● **EXERCISE GOAL**:
Within the records below, find the line with "Destroyed: Mumbai attacker" and the line with "MySQL包含newSQL吗,MySQL不包含新式SQL", then reproduce exactly those two lines and all lines between them, without any picture.

┌──

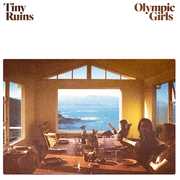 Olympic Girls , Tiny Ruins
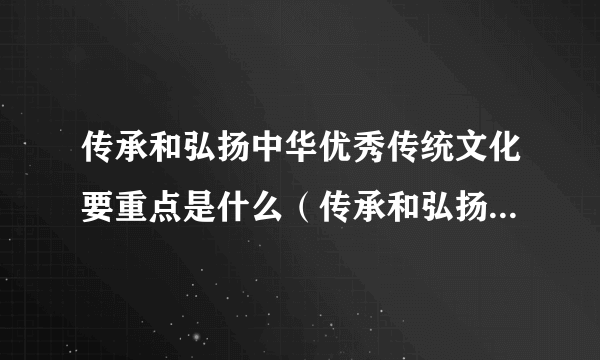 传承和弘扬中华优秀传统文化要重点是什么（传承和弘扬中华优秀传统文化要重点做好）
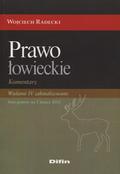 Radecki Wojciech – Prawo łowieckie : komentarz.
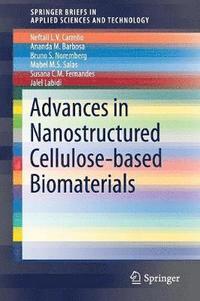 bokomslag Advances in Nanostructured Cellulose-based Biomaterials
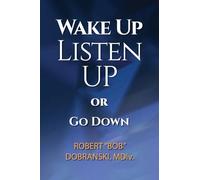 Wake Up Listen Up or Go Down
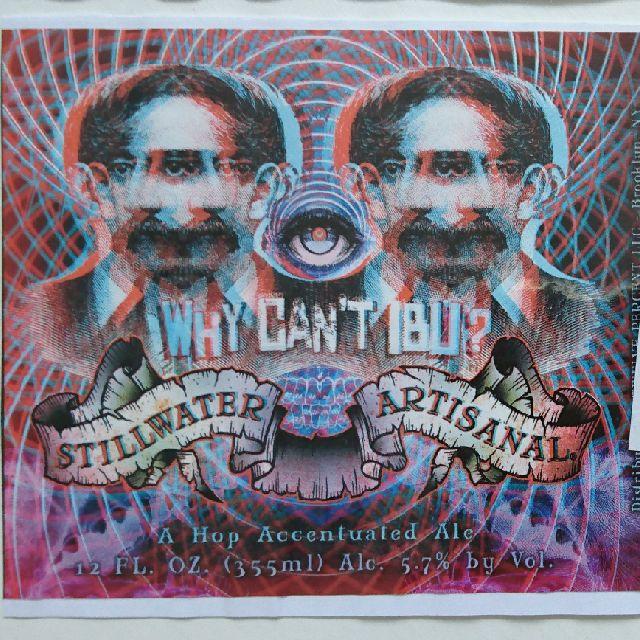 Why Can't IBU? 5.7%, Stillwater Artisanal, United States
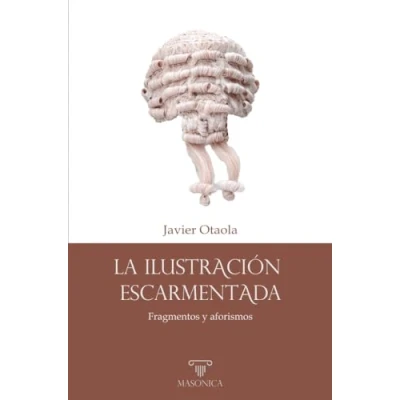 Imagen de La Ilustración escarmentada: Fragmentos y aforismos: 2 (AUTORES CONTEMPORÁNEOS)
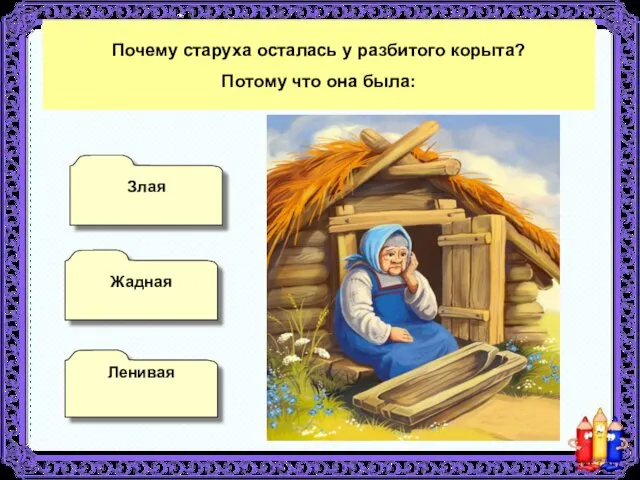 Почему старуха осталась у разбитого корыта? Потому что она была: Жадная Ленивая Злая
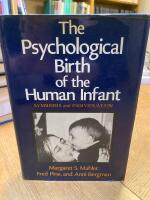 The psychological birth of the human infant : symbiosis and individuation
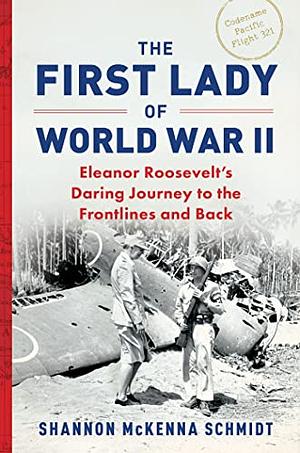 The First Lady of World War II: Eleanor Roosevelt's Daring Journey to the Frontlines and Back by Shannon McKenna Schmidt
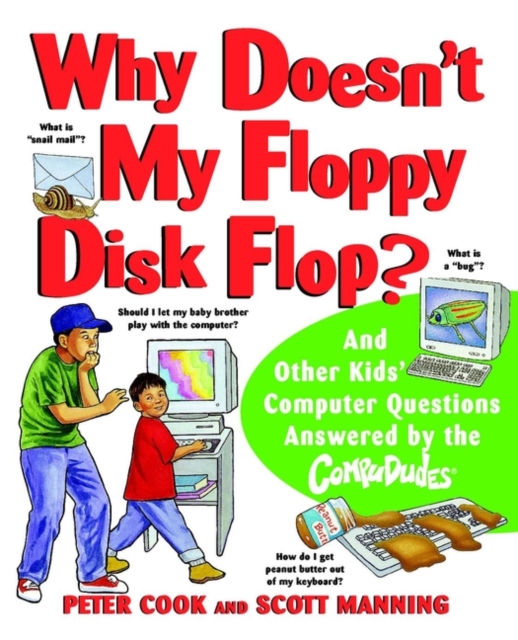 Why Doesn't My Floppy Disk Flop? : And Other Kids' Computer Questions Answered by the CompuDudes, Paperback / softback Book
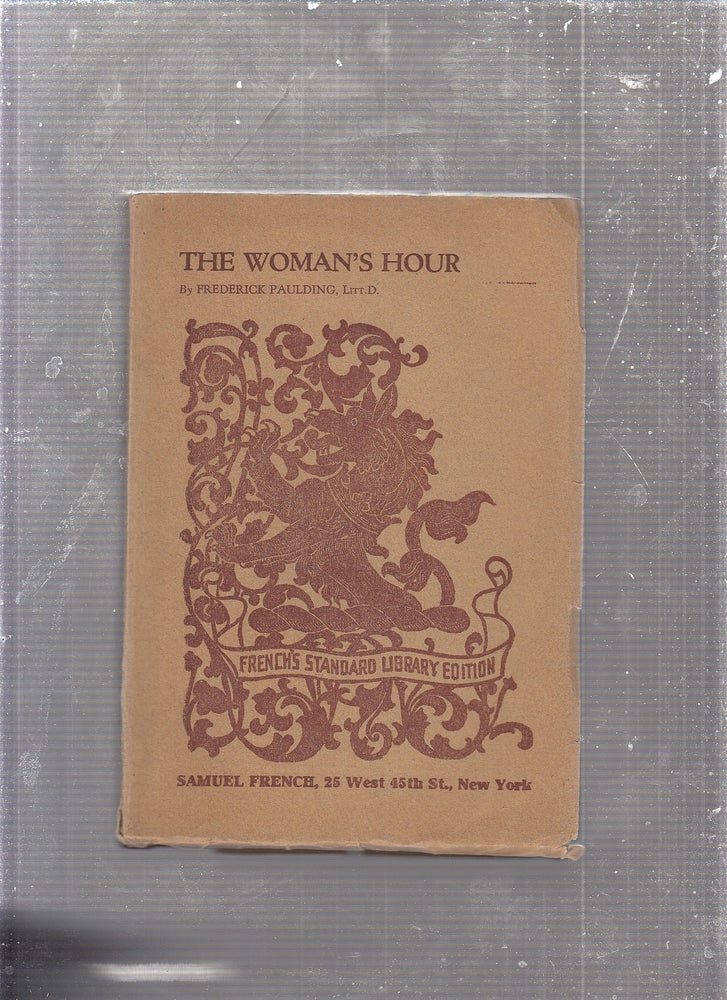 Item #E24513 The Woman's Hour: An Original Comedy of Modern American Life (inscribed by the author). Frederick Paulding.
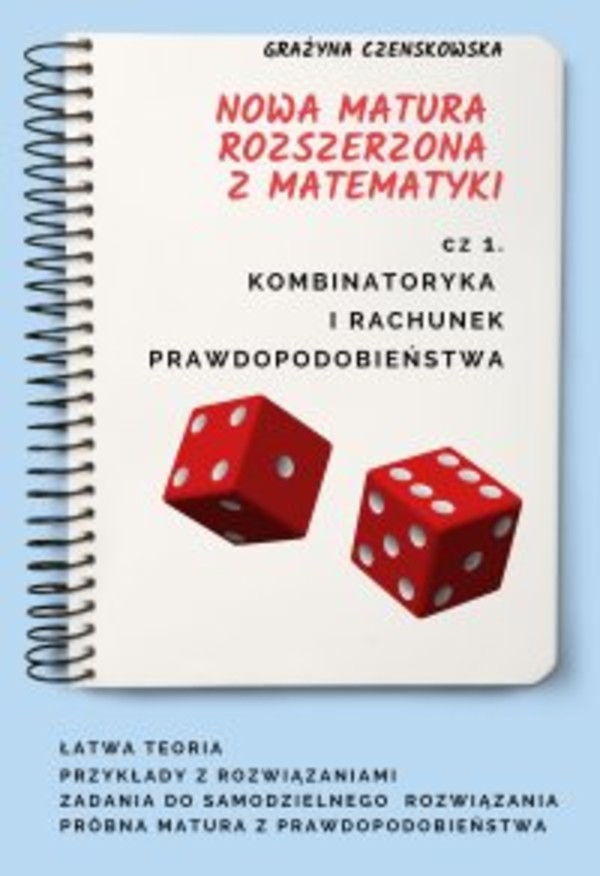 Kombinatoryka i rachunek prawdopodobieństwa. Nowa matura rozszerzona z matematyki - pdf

└──
┌──

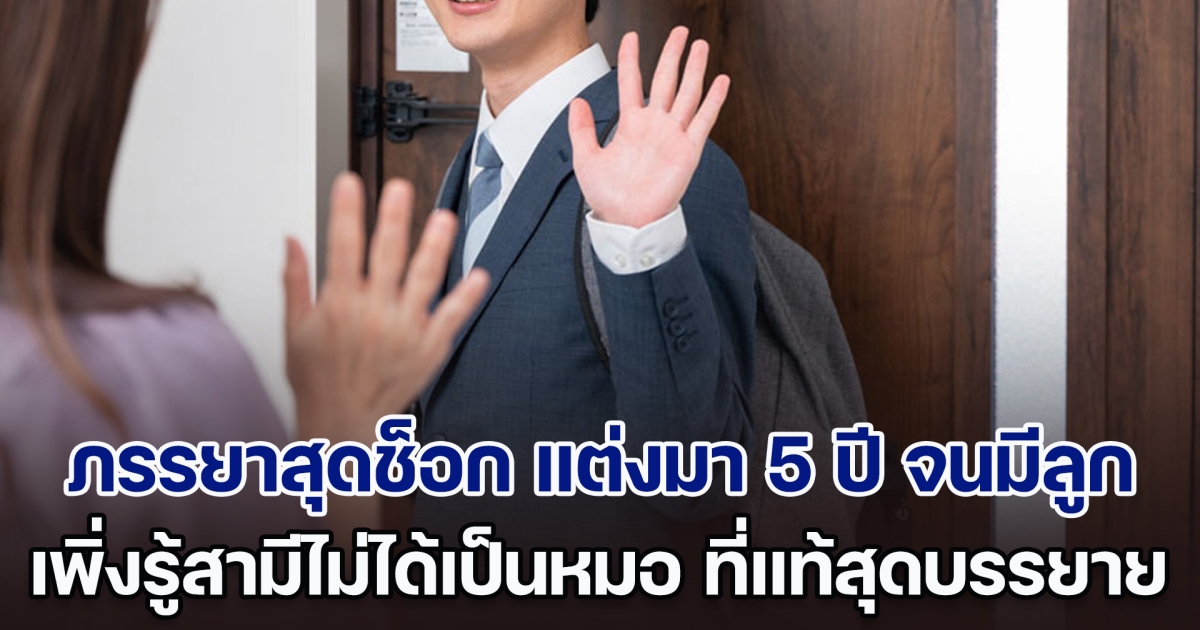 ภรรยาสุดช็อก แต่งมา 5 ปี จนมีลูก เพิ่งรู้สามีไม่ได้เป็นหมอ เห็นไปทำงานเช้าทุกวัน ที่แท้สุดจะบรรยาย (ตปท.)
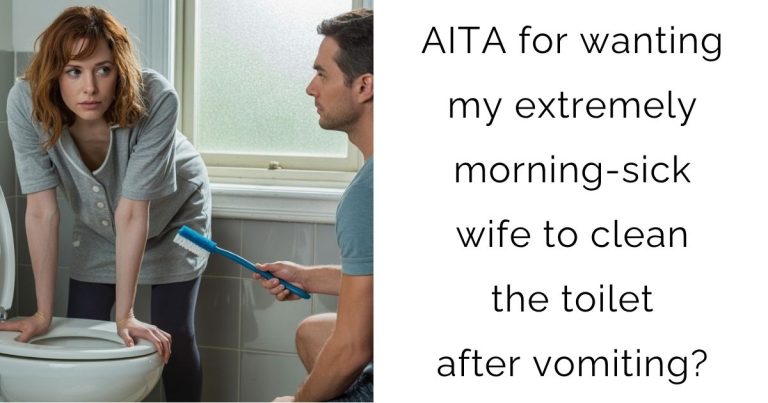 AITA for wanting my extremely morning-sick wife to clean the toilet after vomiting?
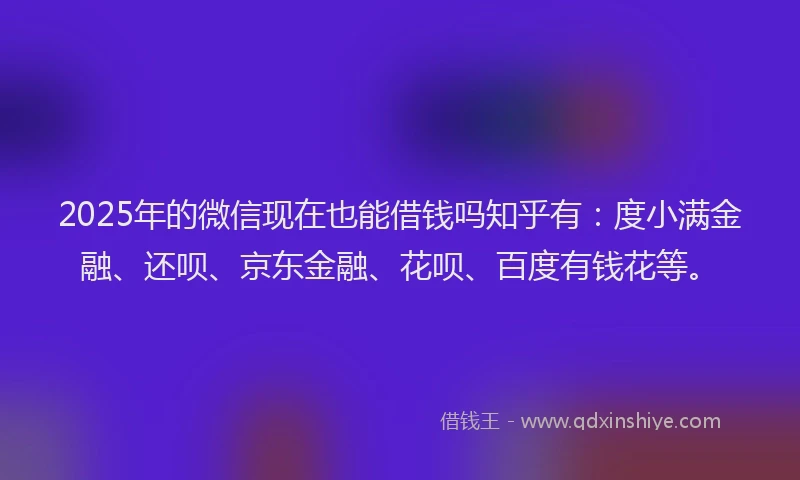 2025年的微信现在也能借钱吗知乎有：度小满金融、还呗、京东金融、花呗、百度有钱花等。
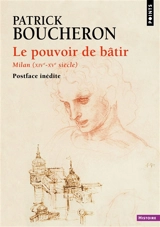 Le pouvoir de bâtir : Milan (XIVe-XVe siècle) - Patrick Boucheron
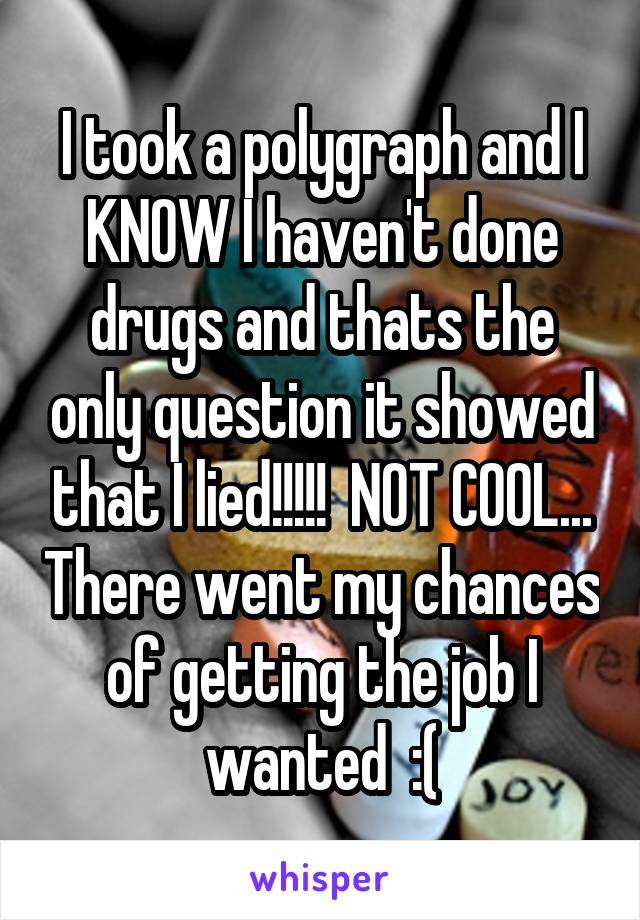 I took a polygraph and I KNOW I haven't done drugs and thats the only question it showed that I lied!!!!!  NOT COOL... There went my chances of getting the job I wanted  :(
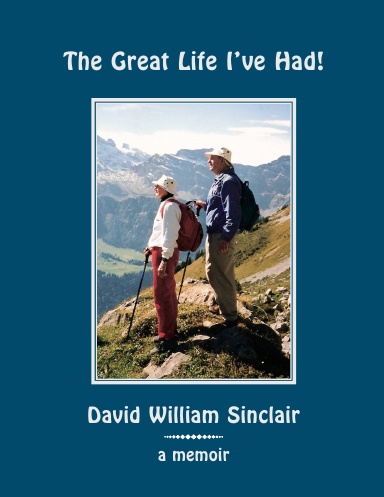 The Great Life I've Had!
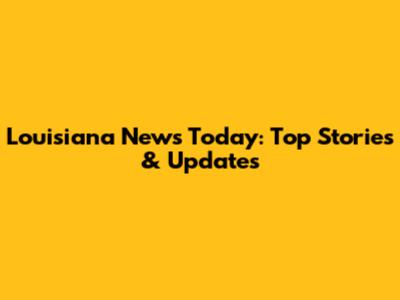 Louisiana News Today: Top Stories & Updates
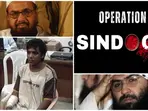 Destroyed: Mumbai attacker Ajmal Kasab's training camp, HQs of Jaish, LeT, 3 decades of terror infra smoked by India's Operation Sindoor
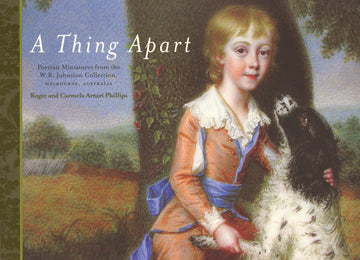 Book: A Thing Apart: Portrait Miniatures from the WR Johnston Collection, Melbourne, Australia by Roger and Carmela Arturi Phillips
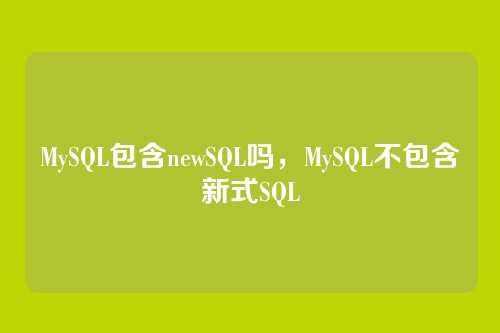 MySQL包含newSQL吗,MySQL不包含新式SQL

└──

● **SOLUTION**:
 Destroyed: Mumbai attacker Ajmal Kasab's training camp, HQs of Jaish, LeT, 3 decades of terror infra smoked by India's Operation Sindoor
 Book: A Thing Apart: Portrait Miniatures from the WR Johnston Collection, Melbourne, Australia by Roger and Carmela Arturi Phillips
 MySQL包含newSQL吗,MySQL不包含新式SQL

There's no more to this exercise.